- _Extracted entries_:

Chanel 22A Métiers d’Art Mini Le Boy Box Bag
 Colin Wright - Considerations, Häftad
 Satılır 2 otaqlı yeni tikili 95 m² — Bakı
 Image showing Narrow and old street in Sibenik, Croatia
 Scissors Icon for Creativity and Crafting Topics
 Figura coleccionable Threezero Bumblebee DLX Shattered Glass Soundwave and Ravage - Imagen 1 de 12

- _Brief_: Starting at the line that contains "Satılır 2 otaqlı yeni tikili 95 m² — Bakı", copy each line through the last line of the listing, and copy nothing else.

- _The completed task_:
 Satılır 2 otaqlı yeni tikili 95 m² — Bakı
 Image showing Narrow and old street in Sibenik, Croatia
 Scissors Icon for Creativity and Crafting Topics
 Figura coleccionable Threezero Bumblebee DLX Shattered Glass Soundwave and Ravage - Imagen 1 de 12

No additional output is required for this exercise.